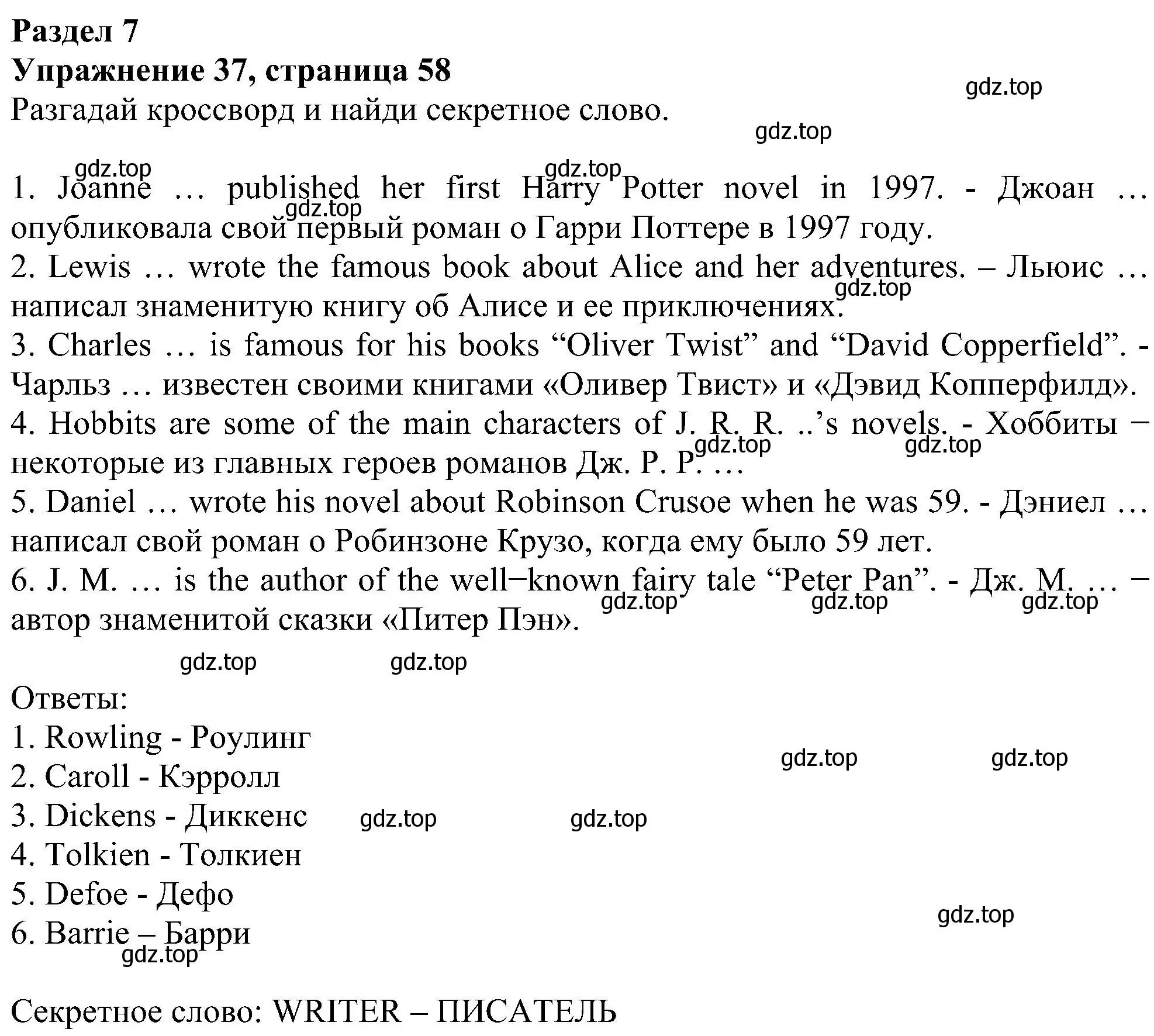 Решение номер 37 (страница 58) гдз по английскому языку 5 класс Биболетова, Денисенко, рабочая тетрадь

********

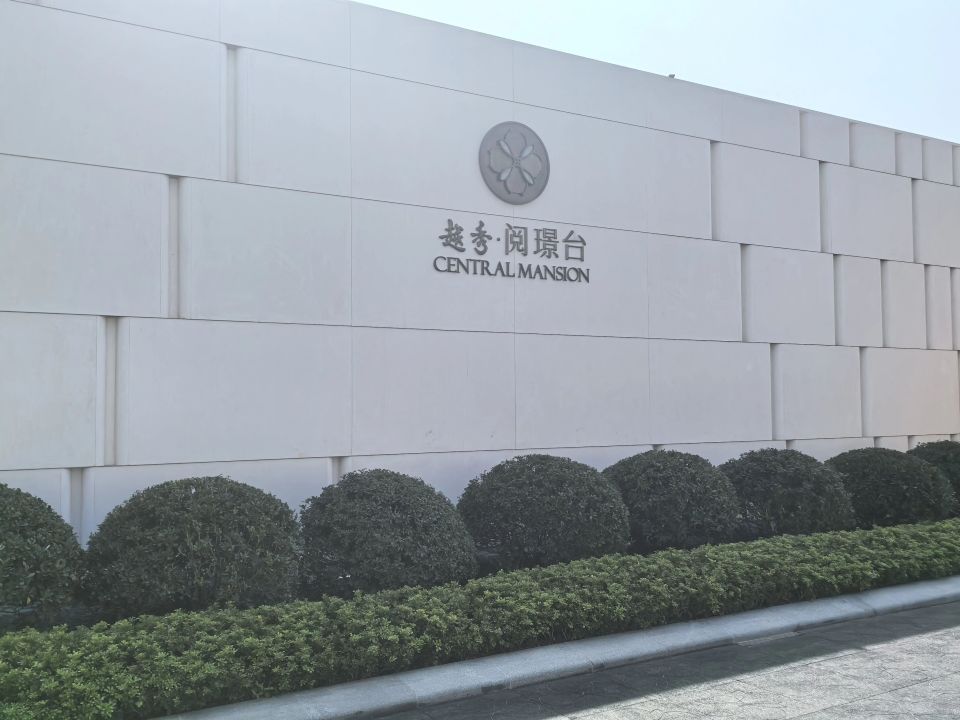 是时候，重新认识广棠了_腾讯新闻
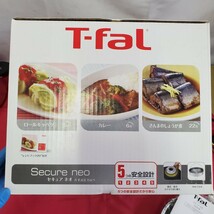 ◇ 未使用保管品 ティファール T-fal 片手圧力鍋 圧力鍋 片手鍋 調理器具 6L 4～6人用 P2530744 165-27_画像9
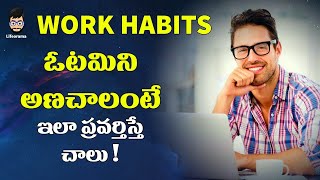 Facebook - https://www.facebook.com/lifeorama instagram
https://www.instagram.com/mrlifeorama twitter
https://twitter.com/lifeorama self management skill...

********

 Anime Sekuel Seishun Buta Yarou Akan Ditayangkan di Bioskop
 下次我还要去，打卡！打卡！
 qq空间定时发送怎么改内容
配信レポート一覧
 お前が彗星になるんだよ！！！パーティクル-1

********

Directions:
Please output the lines above beginning at the line with "4～6人用 P2530744 165-27_画像9" and ending after the line with "https://twitter.com/lifeorama self management", precisely as written and with no pictures.

Solution to this problem:
 ◇ 未使用保管品 ティファール T-fal 片手圧力鍋 圧力鍋 片手鍋 調理器具 6L 4～6人用 P2530744 165-27_画像9
 Facebook - https://www.facebook.com/lifeorama instagram
https://www.instagram.com/mrlifeorama twitter
https://twitter.com/lifeorama self management skill...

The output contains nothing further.